In a statement released Thursday, Uminsa and Coto Minero said they have declared themselves in pre-receivership, a period during which under Spanish bankruptcy regulations companies have three months to try to renegotiate their debt with creditors.
The companies, which form part of the largest private coal-mining group in Spain, were seeking state aid worth 49 million euros; 29.3 million for Uminsa and 19.8 million for Coto Minero. Their request was denied by the Industry Ministry because they had fallen behind in payments due to the Social Security system.
The companies also said they expected lower coal sales this year, while a dispute with electricity producers over prices and the quality of coal to be purchased had prevented them from obtaining revenues.
If companies fail to reach an agreement with creditors within the three-month period stipulated by the law, they thereafter automatically go into receivership.
Uminsa and Coto Minero are also facing a lawsuit filed by the state-owned coal company Hunosa last month over the disappearance of 528,000 tons of coal owned by Hunosa and stored in deposits controlled by the Alonso group under the terms of the Strategic Temporary Storage of Coal program. The Alonso group, the largest private coal business in Spain, claims the missing coal, which is valued at 46 million euros, was “lost because of the rain.”
According to information filed with the company registrar, both of the companies made profits in 2011: 3.3 million euros in the case of Coto Minero and 3.5 million in the case of Uminsa. At the end of 2011, Uminsa had liabilities of 108 million euros and Coto Minero 67.1 million.
The companies are also in the process of reducing their labor forces. “We’re very worried about the pre-receivership,” Antonio Fernández, a UGT labor union official, said Thursday. “Receivership would mean the end of the company.” The Alonso group in January unveiled plans to reduce its workforce to 1,434 from 2,158 at the end of September of last year. “We fear more layoffs or salary cuts,” Fernández said.

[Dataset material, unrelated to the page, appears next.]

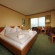 Best Western Premier Hotel Sonnenhof 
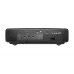 Optoma L1 Plus 2500 lumens Ultra Short Throw 4K LED Home Projector Optoma L1 Plus 2500 lumens Ultra Short Throw 4K LED Home Projector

The future of the coal industry in Spain is under a dark cloud. The Industry Ministry has announced that under an agreement with the European Union state aid to coal-mining companies and to power utilities that purchase it will cease in 2015.
The statement released by the companies said the decision to go into pre-receivership should “in no way be interpreted” has a way of putting pressure on the government to reconsider its decision on state aid.